Sleep-In International Hotel had secured a sweetheart deal through the Memorandum of Understanding (MOU) that it had signed with the People’s Progressive Party/ Civic (PPP/C). That MOU secured a 10-year corporate tax holiday, limited taxation on income, and even waivers on Value Added Tax (VAT) and excise tax.
The MOU was signed in February 2015. Sleep-In went about investing in the hotel and casino on Church Street through the Guyana Office for Investment (Go-Invest). Therefore, the MOU was prepared by Go-Invest.
Interestingly, from all indications, the then Chief Executive Officer (CEO) of GO-Invest, Keith Burrowes, was in constant communication with former Attorney General, Anil Nandlall about the content of the MOU. Nandlall is now representing Clifton Bacchus, the owner of Sleep-In in a number of cases.
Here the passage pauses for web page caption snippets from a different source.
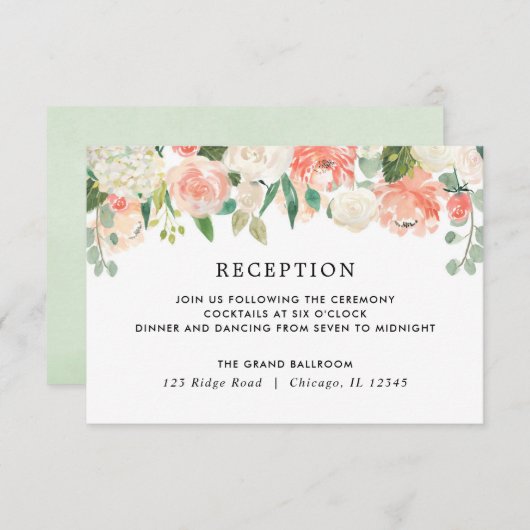 Perzik koraal groen zomer bloemenontvangst informatiekaartje (Voorkant / Achterkant)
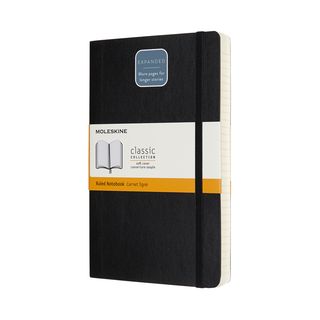 Записник Moleskine Classic Expanded Середній / Лінійка Чорний М'який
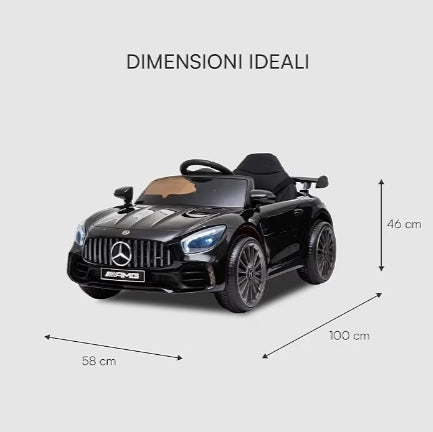 Mercedes AMG Sport Macchina Elettrica per Bambini Baby car Elettrica Full Optional, Auto Telecomandata Sedile in Plastica, Porte Apribili, Motore 12V, Carico fino a 25 Kg 1-4 anni, Nero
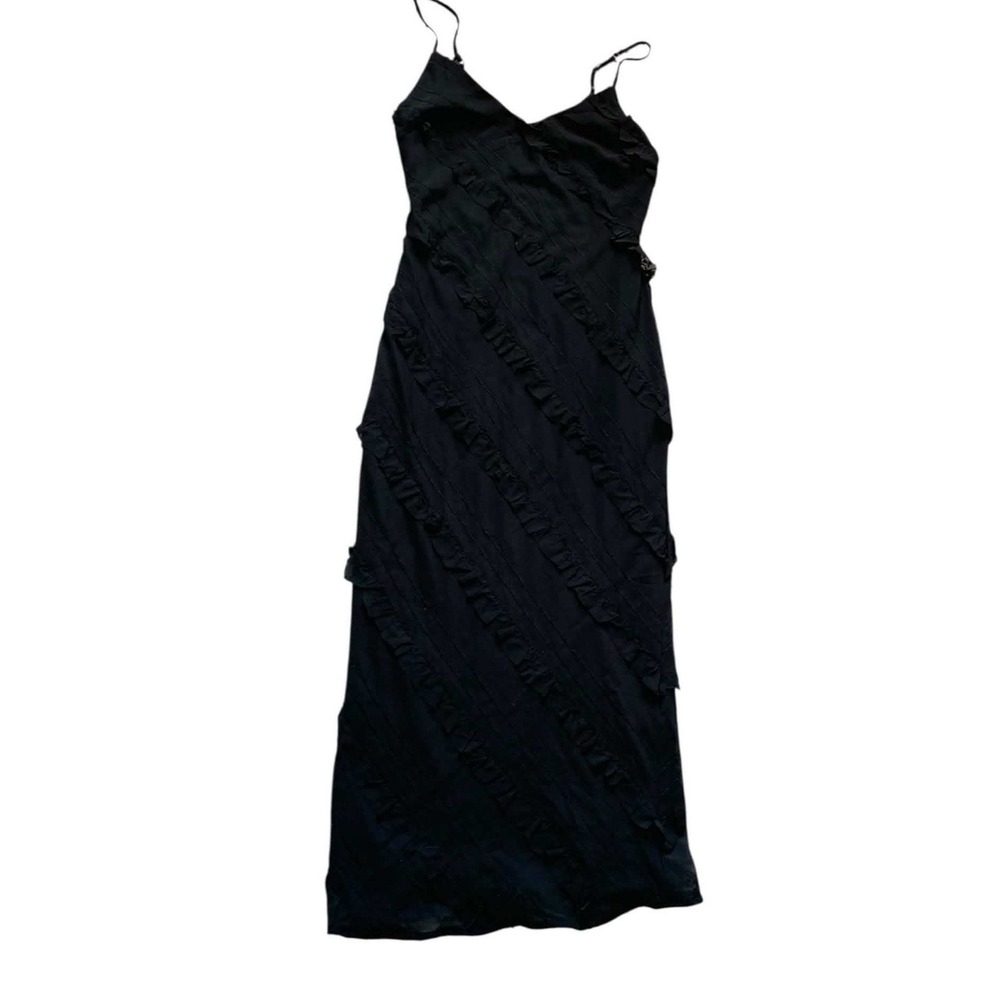 Princess Polly Lars Maxi Dress Womens 4 Black Ruffle Tiered Whimsigoth Grunge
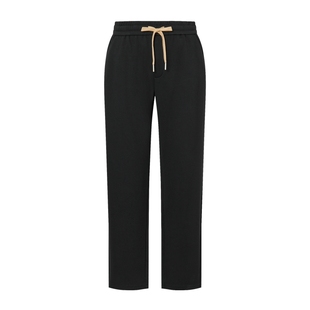 POLOWALK男装针织裤2025秋冬新品松紧腰直筒运动纯色简约休闲长裤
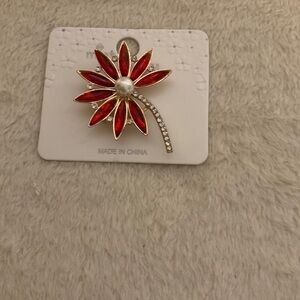 Red Enamel Floral Brooch with Pearl and Crystals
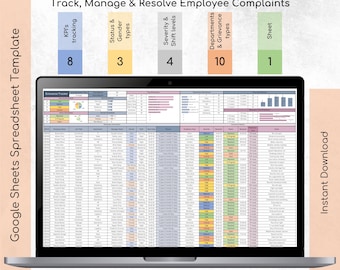 Grievance Tracker Spreadsheet | Employee Complaint Log | HR Management Excel & Google Sheets Template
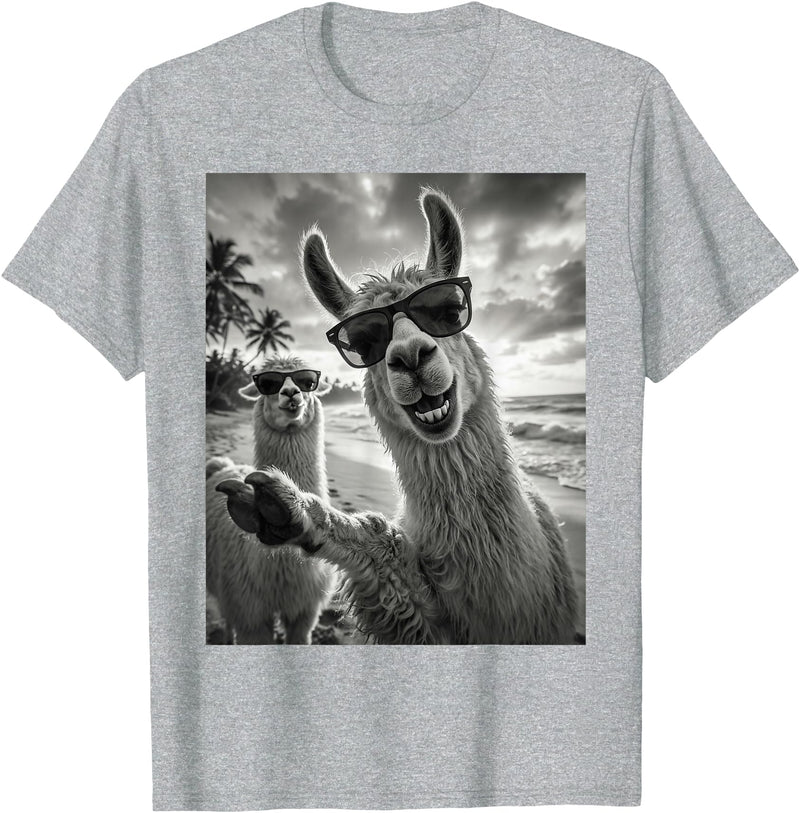Funny Llama Stuff Accessories & Gifts Cool Llama Selfie At The Beach, Cute Llamas Alpaca T-Shirt - Heather Grey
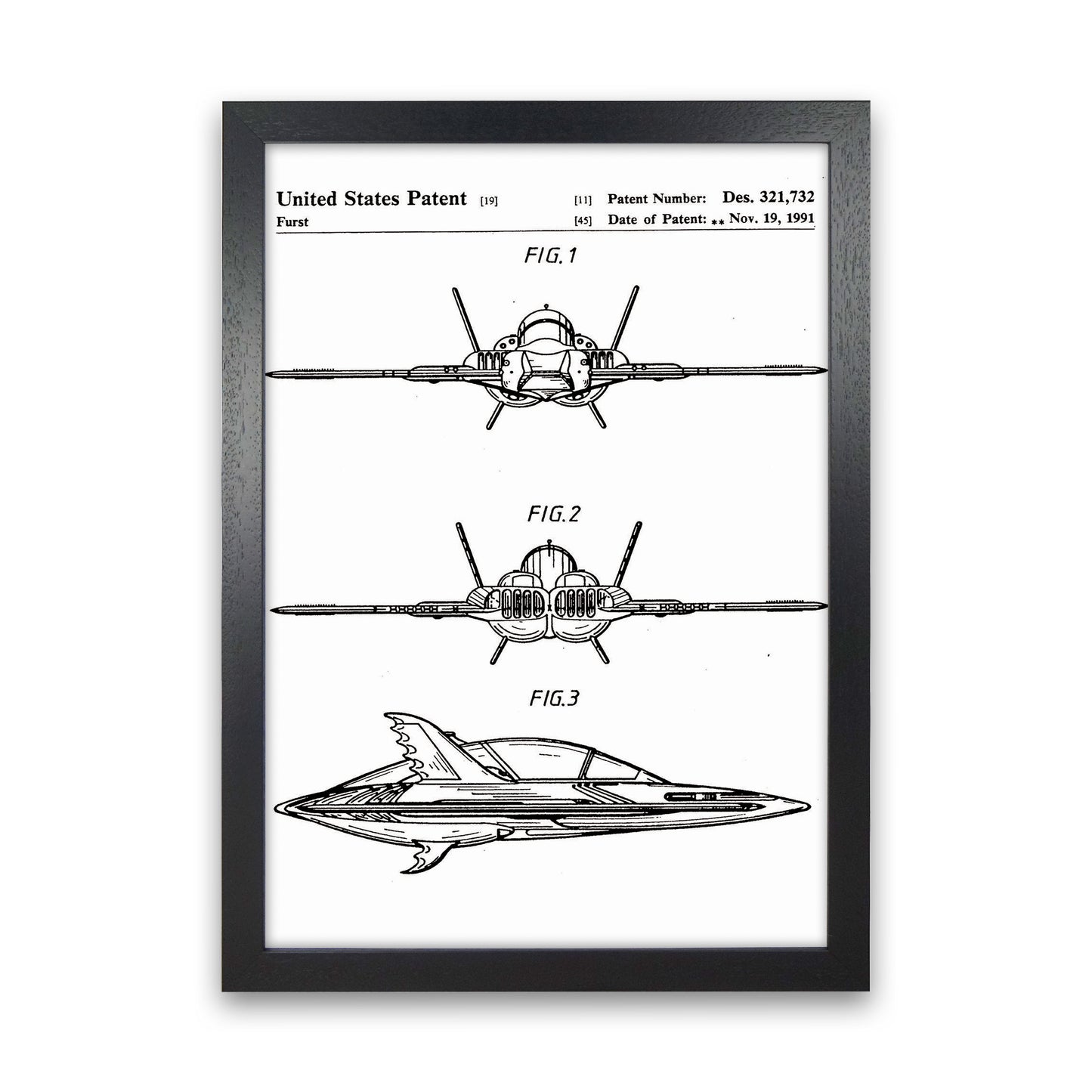 Batwing Patent Art Print by Jason Stanley Black Grain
Kaieteur News has seen a letter that proves communication with Nandlall and Burrowes on the MOU. Burrowes was indicating that he made some “minor changes” to the document.
Under the MOU, Sleep-In’s obligations include operation and maintenance as well as upgrade and expand the hotel and casino “where deemed appropriate” by Sleep-In.
“I was mandated to carry out effective management and hiring and training of local staff so that international best practices are transferred. The hotel also needed to employ non-Guyanese to the minimum of 25 percent.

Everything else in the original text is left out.